If tauntauns (i.e., creatures relevantly like this) existed, they would be animals. If tauntauns existed, they wouldn't be members of the kingdom Animalia, because the kingdom Animalia is a clade, and Tauntaun's would presumably be products of alien evolution rather than descendants of earth animals. Since it's possible for tauntauns to exist, it follows that it's possible for there to be animals that aren't members of the kingdom Animalia.
Another example. Suppose a species of water plant evolved to have descendants whose behavior and build closely resembles a hippotamus. The resulting species would still be a member of the kingdom Plantae, since the Plantae are a clade, and not of Animalia. But I think it would be an animal. Would it be a plant as well? Maybe—maybe it would be both plant and animal.

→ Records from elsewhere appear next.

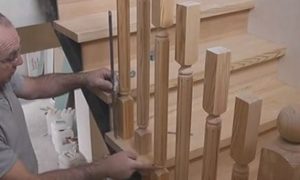 Установка балясин на деревянную лестницу своими руками: пошаговая инструкция Установка балясин на деревянную лестницу своими руками: пошаговая инструкция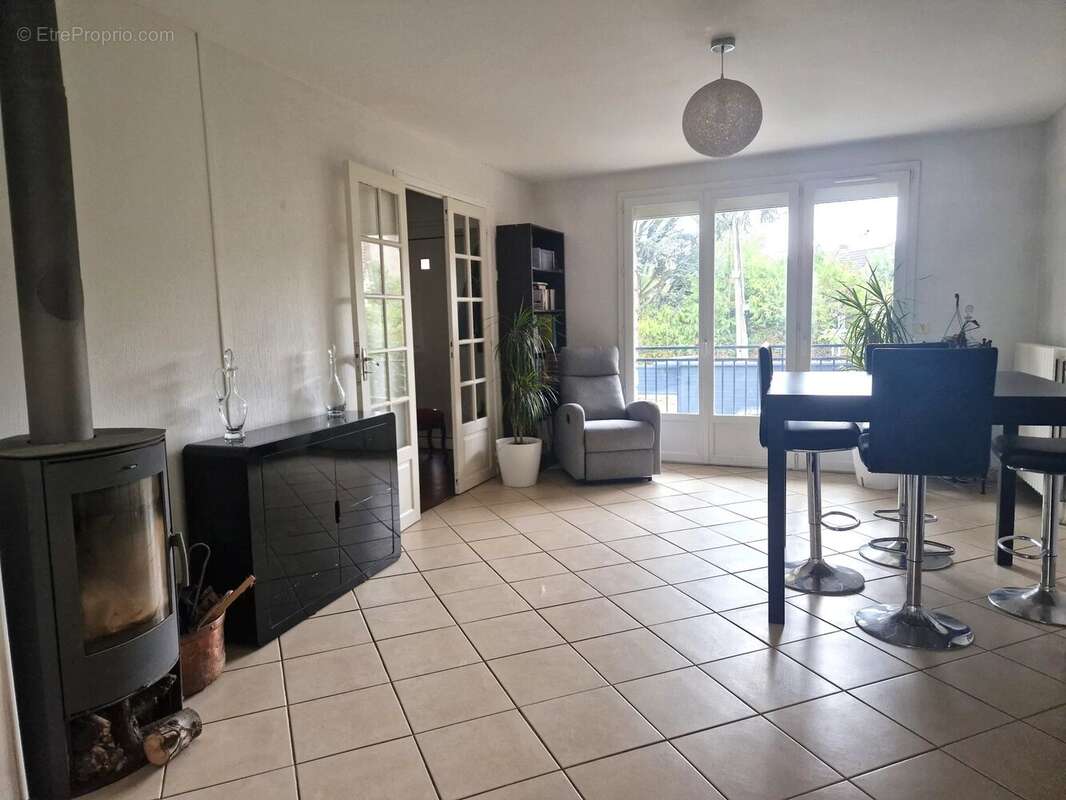 Maison à MAGNY-LES-HAMEAUX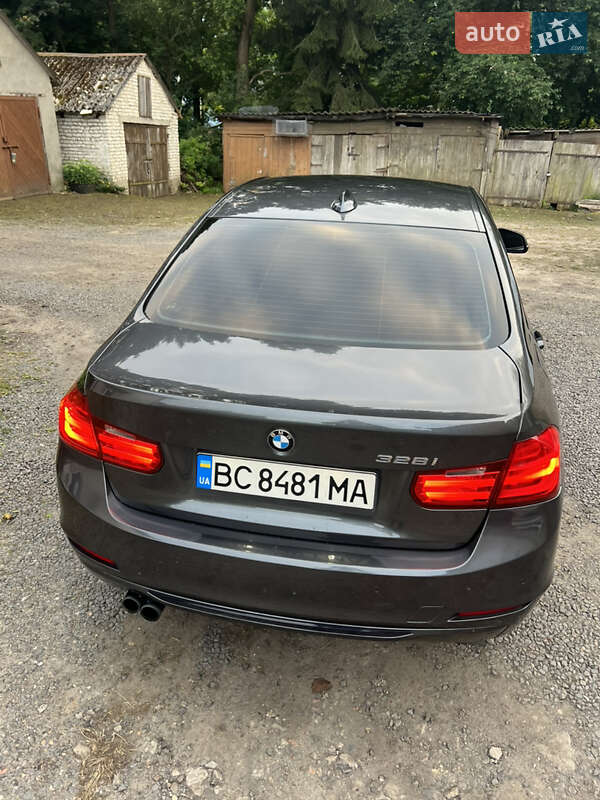 Седан BMW 3 Series 2015 в Буске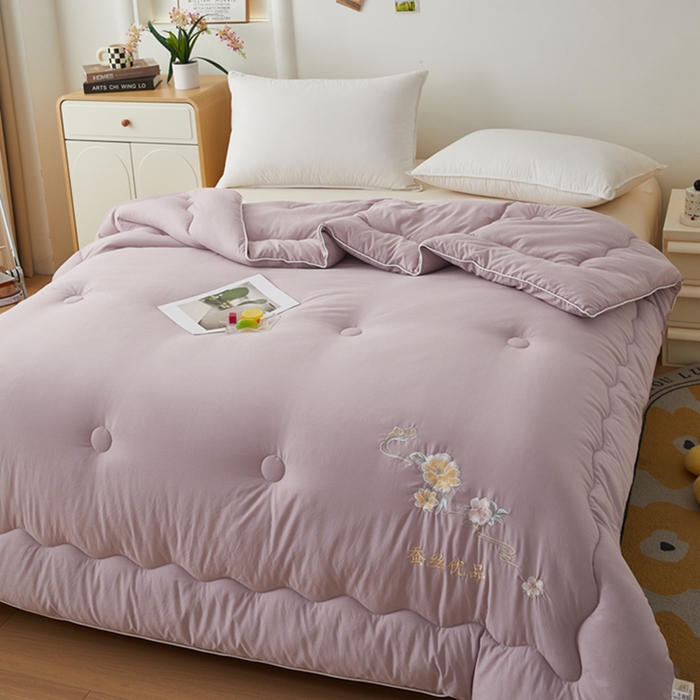 91家纺网 家纺一手货源 找家纺 喜糯糯 2025年新款春秋蛋白棉加厚款被子被芯四季被子被芯直播供货 香芋紫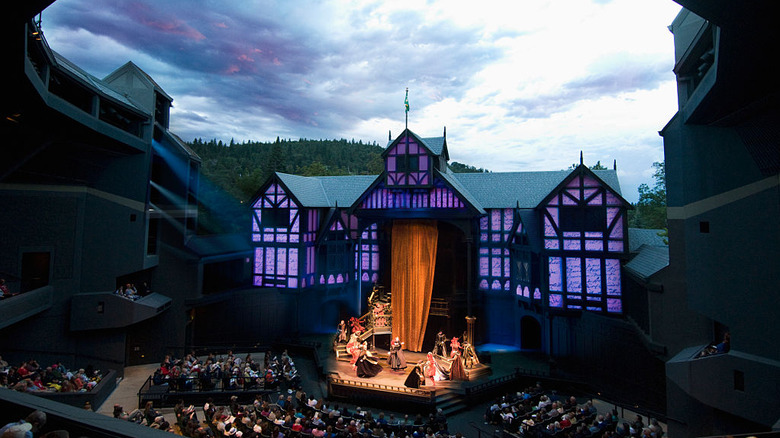 Actors perforning at the open-air Allen Elizabethan Theatre in Ashland, Oregon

The concept of an animal goes beyond actual earth biology. Now, here's an interesting question. We are rational animals. Could there be rational embodied non-animals, e.g., rational plants that, unlike the hippopotamus-like plants of my example, are not animals? There would be little reason for a non-animal to evolve intelligence, but an extremely unlikely series of chance mutations is not impossible just because it's unlikely.
Are questions about what is and what isn't an animal substantive questions? Or is it just a matter of drawing arbitrary non-joint-carving boundaries?